▶ _Goal of the exercise_
Write out exactly the lines below that run from the line containing "intraoperative view of the guide positioning" through the last line of the records.
====== Dataset records
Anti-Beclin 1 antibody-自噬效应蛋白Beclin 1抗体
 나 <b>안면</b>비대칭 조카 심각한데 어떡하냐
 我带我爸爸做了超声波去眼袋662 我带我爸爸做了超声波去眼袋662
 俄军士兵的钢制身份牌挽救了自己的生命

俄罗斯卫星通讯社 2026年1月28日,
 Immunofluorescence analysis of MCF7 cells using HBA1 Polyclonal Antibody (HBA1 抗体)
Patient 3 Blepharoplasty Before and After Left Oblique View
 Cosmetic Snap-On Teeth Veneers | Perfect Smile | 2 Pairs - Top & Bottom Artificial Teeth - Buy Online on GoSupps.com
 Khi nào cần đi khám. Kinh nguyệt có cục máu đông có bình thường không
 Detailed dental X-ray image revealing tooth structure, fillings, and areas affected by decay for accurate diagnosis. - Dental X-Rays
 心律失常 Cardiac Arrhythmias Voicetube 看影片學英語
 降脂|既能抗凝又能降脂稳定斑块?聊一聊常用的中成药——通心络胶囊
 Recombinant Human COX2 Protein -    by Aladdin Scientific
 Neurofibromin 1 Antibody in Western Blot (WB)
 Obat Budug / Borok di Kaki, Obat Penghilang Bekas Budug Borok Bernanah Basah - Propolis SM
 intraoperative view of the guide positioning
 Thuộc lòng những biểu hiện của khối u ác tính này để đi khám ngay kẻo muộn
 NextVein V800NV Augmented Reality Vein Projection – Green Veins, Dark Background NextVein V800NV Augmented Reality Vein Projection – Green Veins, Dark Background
============
▶ _Task result_
 intraoperative view of the guide positioning
 Thuộc lòng những biểu hiện của khối u ác tính này để đi khám ngay kẻo muộn
 NextVein V800NV Augmented Reality Vein Projection – Green Veins, Dark Background NextVein V800NV Augmented Reality Vein Projection – Green Veins, Dark Background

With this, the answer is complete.